Publik tentu melihat bagaimana sepak terjang Ahok, yang kerap menentang arus kebijakan, baik oleh Partai yang mendukungnya, maupun kebijakan kebijakan pemerintah yang sebelumnya tidak pofuler. Kemudian pada sisi lain kinerja Ahok ketika memimpin Jakarta sungguh sangat baik dan mendapatkan apresiasi yang tinggi dari berbagai pihak. Ahok membangun sebuah motto  yang penting kerja.
Kerja keras Ahok dalam membangun Jakarta, membuat wakilnya Djarot Syaiful Hidayat terkadang tidak mampu untuk mengikuti langkahnya. Stiap jam kerja Ahok masuk kantor tidak pernah telat, dan pulang kantor sampai pukul 21 malam, pulangnya masih membawa berkas, artinya dirumahpun setelah pulang kantor Ahok masih bekerja, hal ini disampaikan oleh Djarot kepada media dalam menanggapi kinerja Ahok.
Kendatipun kinerja Ahok dalam membangun Jakarta mendapat apresiasi dari banyak pihak, namun tidak bisa pula untuk difungkiri, adanya pihak pihak yang tidak suka terhadap kerja keras Ahok dalam membangun Jakarta. Disinilah resiko yang sangat tinggi yang luput dari perhatian Ahok. Ada pihak pihak yang mempunyai kepentingan untuk menjegal langkah Ahok. Dan celah untuk pencegalan langkah Ahok itupun terbuka, ketika Ahok silap dalam berkata kata. Dan terbukti akhirnya Ahok tergelincir pada ubin penistaan agama yang kental dengan nuansa politik.
 Ketidak Puasan :
Kini persoalan vonis Ahok menjadi tunas keterbelahan dalam cara pandang masyarakat negeri ini. Ada yang memandang bahwa vonis Ahok merupakan kemunduran hukum di tanah air, Karena penistaan agama yang dilakukan oleh Ahok tidak sepadan dengan hukuman yang diberikan.

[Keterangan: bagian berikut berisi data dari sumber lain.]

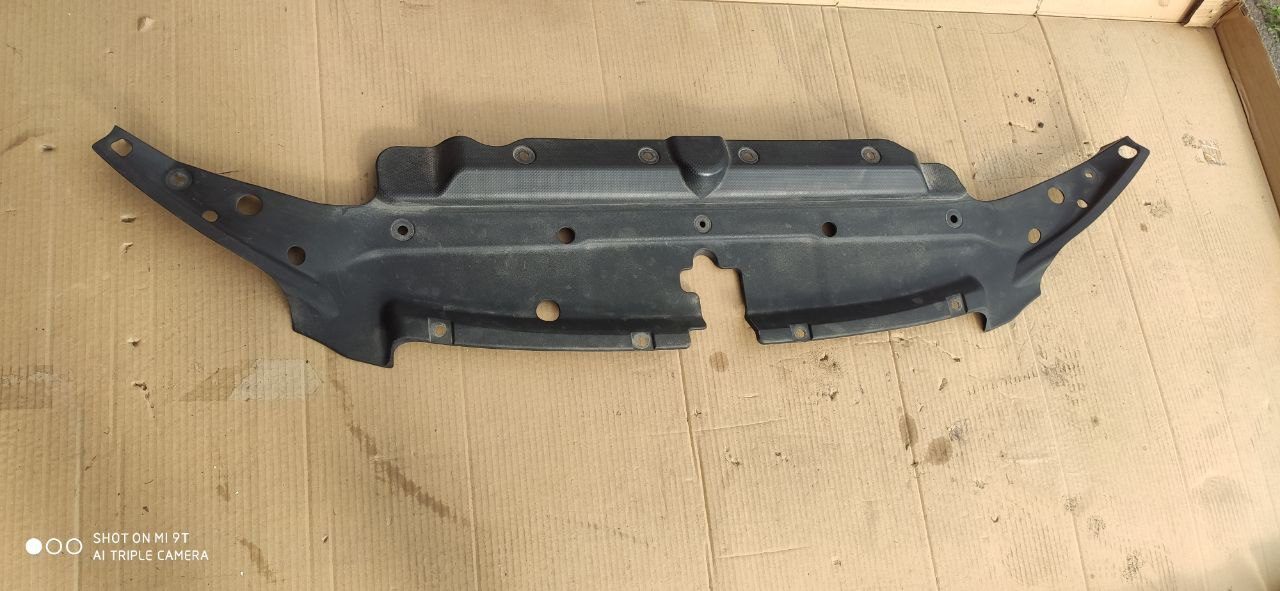 Верхня накладка радіатора Toyota Land Cruiser Prado 150 53292-60080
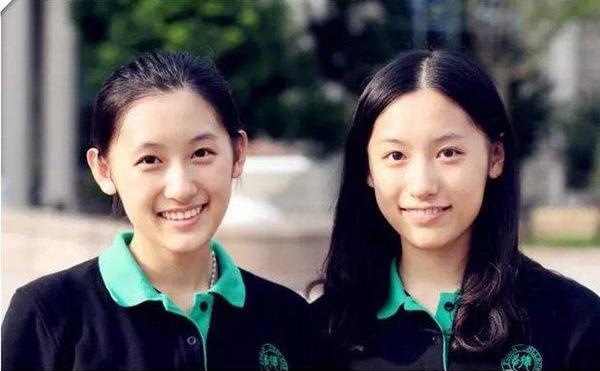 chi em sinh doi Trung Quoc cung tot nghiep Harvard anh 3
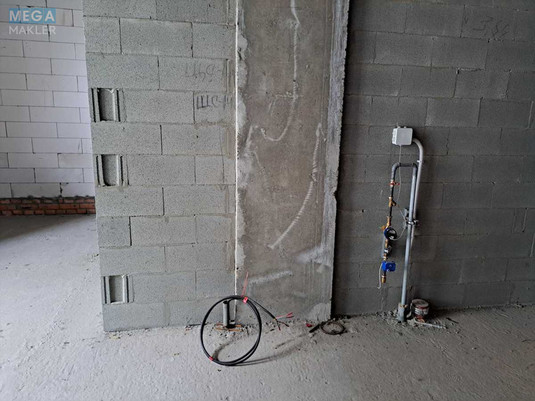 Оренда окремої будівлі/побудови, 30&nbsp;кв.м, <a class="location-link" href="/kiev/" title="Недвижимость Київ">Київ</a>, <a class="location-link" href="/kiev/shevchenkovskij/" title="Недвижимость Шевченківський район">Шевченківський р-н</a>, Салютна вул., 2 (изображение 7)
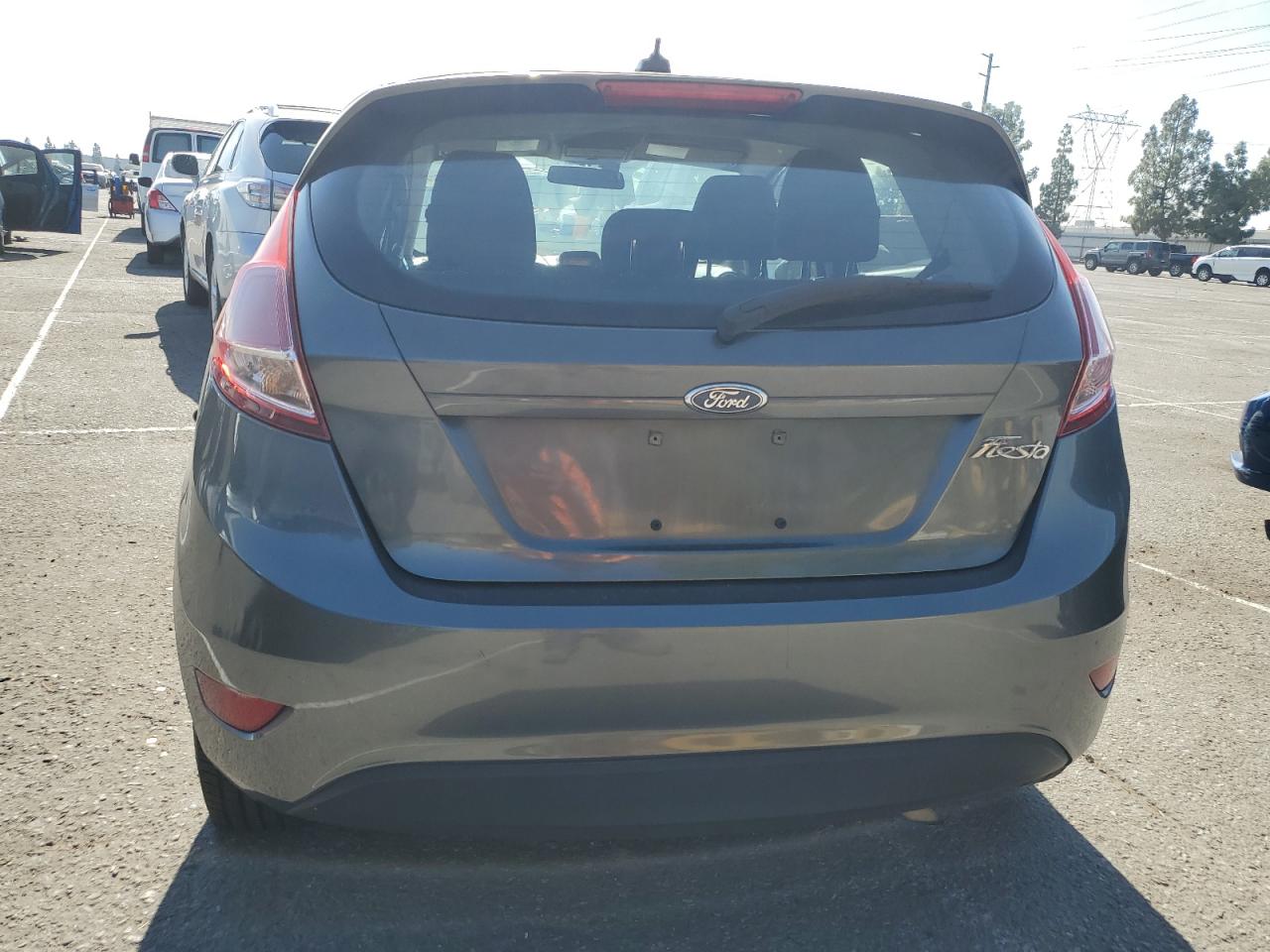 2015 Ford Fiesta Se VIN: 3FADP4EJ3FM111319 Lot: 85410005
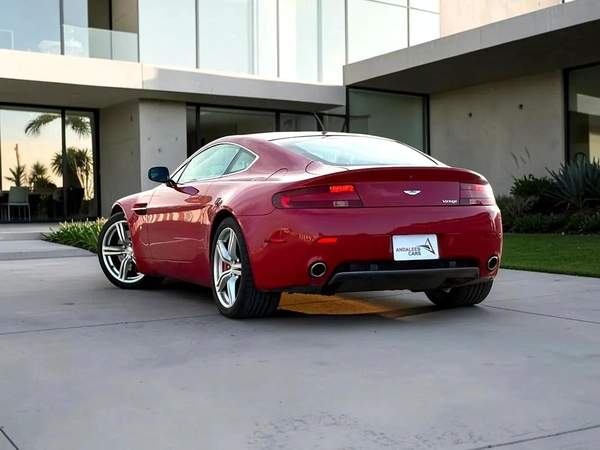 ASTON MARTIN VANTAGE | 4.7L V8 | 2009 | GCC SPECS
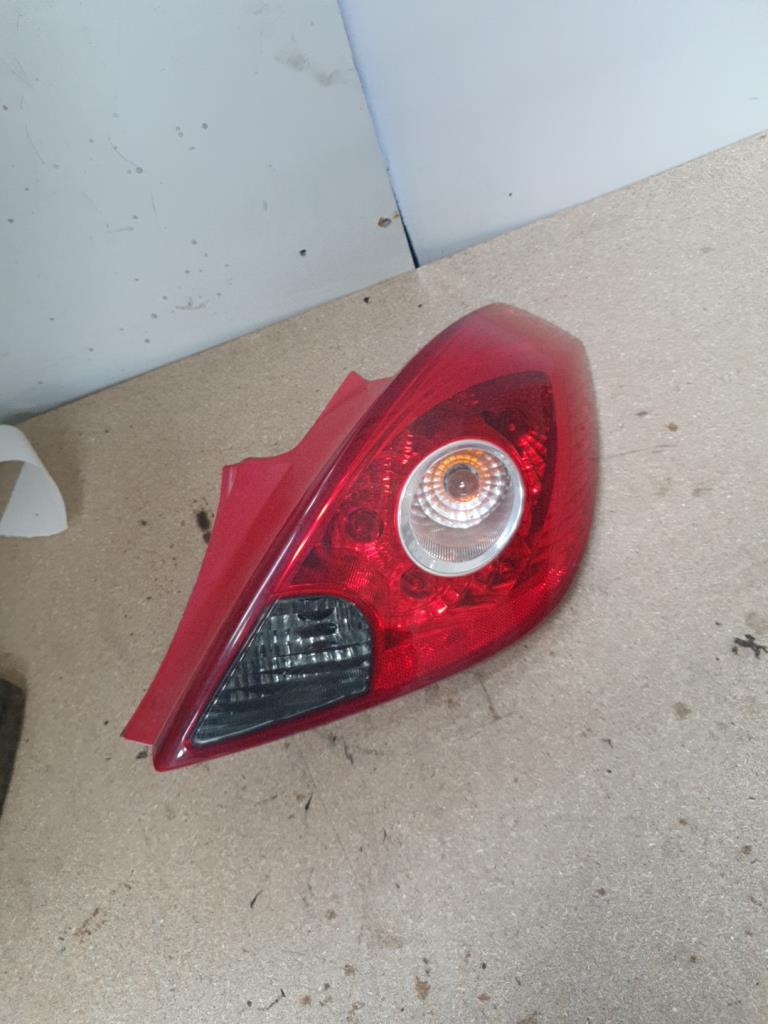 Fanale posteriore principale destro (luci) OPEL CORSA D PHASE 1 Diésel - 1
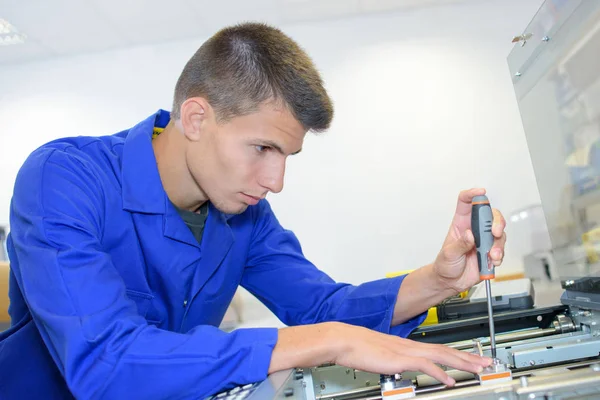 Junger Techniker repariert Büro Fotokopierer — Stockfoto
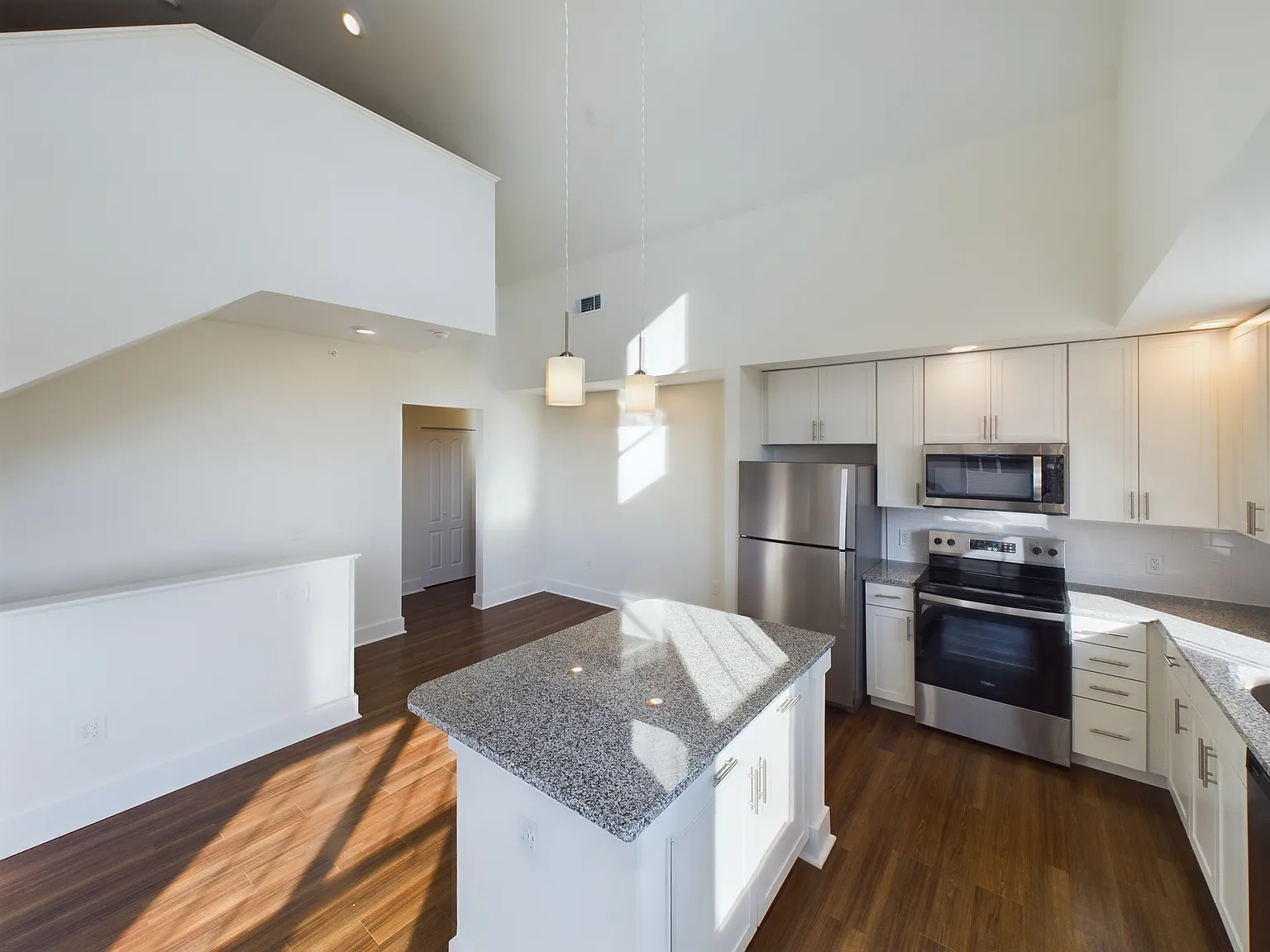 2 bed, 1390 sqft, $2,019 — Photo 2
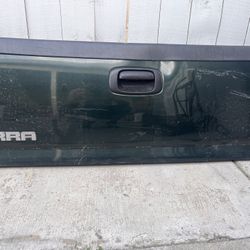 GMC/Chevy Tailgate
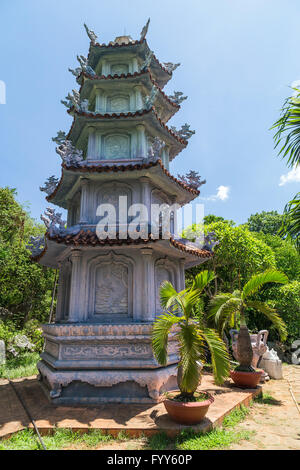 Tam Pagoda tailandese in montagne di marmo, Vietnam Foto Stock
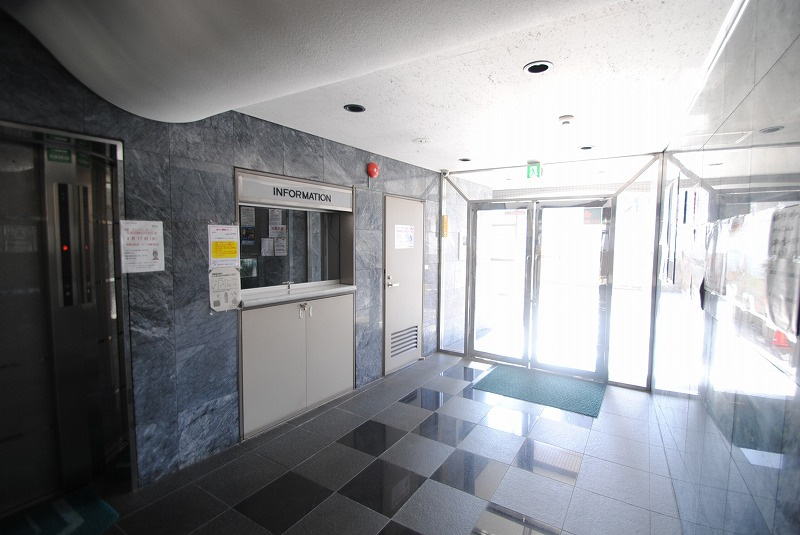 ステイツ久留米のエントランス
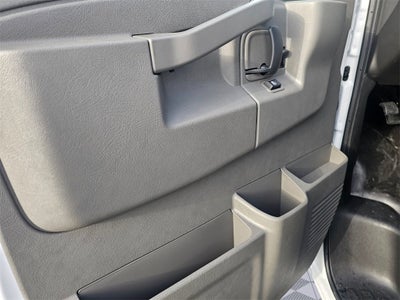 2025 Chevrolet Express Cargo 3500 WT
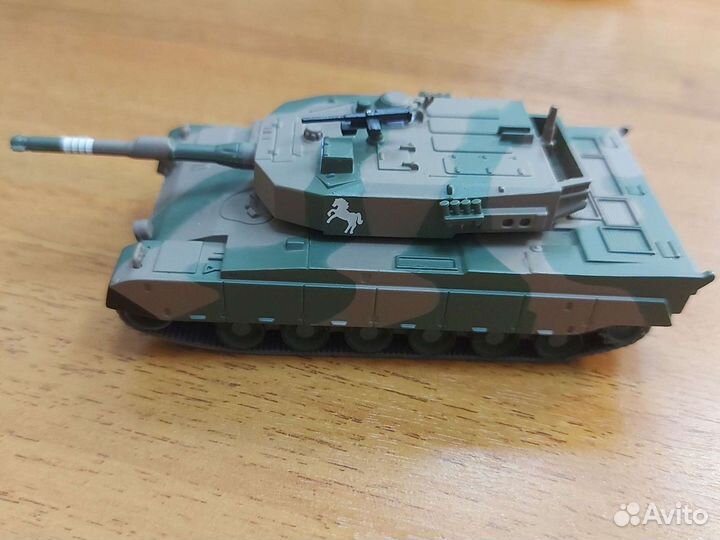 Модель танк Тип 90 Япония 1:72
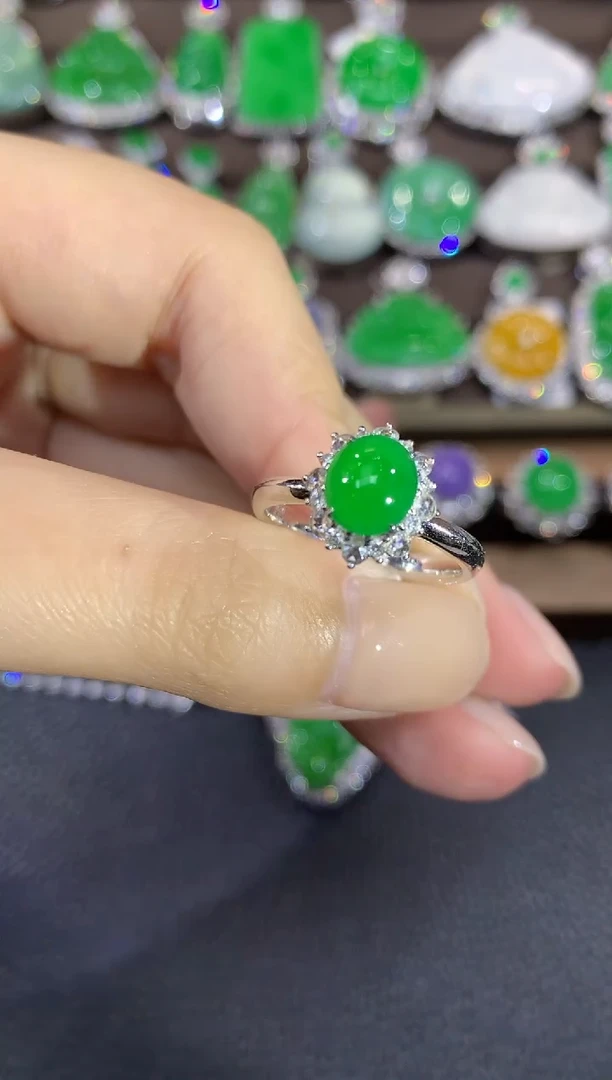 18K金镶嵌戒指翡翠C56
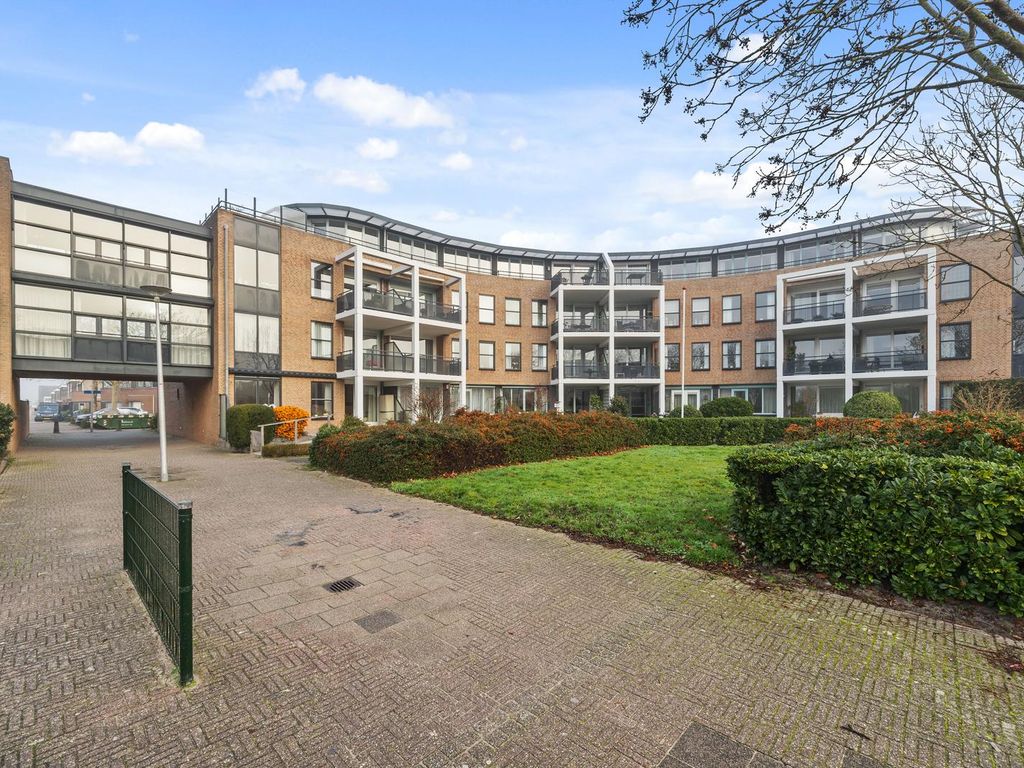 Van Egmondlaan 77, Wateringen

 Sementara kelompok lain yang pro Ahok, menganggap hukuman Ahok telah mencedrai rasa demokrasi, sebab apa yang dituduhkan kepada Ahok tentang penistaan agama tidak memenuhi unsure.
Dan yang menghebohkan lagi sehari fasca keputusan hakim terhadap kasus Ahok, ketiga hakim yang menyidangkan Ahok mendapatkan promosi jabatan yang lebih tinggi. Dwiarso Budi Satrio Ketua Hakim yang menyidangkan kasus Ahok, yang juga sebagai Ketua Pengadilan Negeri Jakarta Utara dipromosikan menjadi hakim di Pengagilan Tinggi Bali. Sedangkan Abdul Rosyad hakim dipengadilan Negari Jakarta Utara yang juga sebagai hakim anggota, dipromosikan  menjadi hakim tinggi dipengadilan tinggi Sulawesi Tengah. Dan Jupriyadi Hakim Anggota yang juga Wakil Ketua Pengadilan Negeri Jakarta Utara dipromosikan menjadi Kepala Pengadilan Negeri Bandung.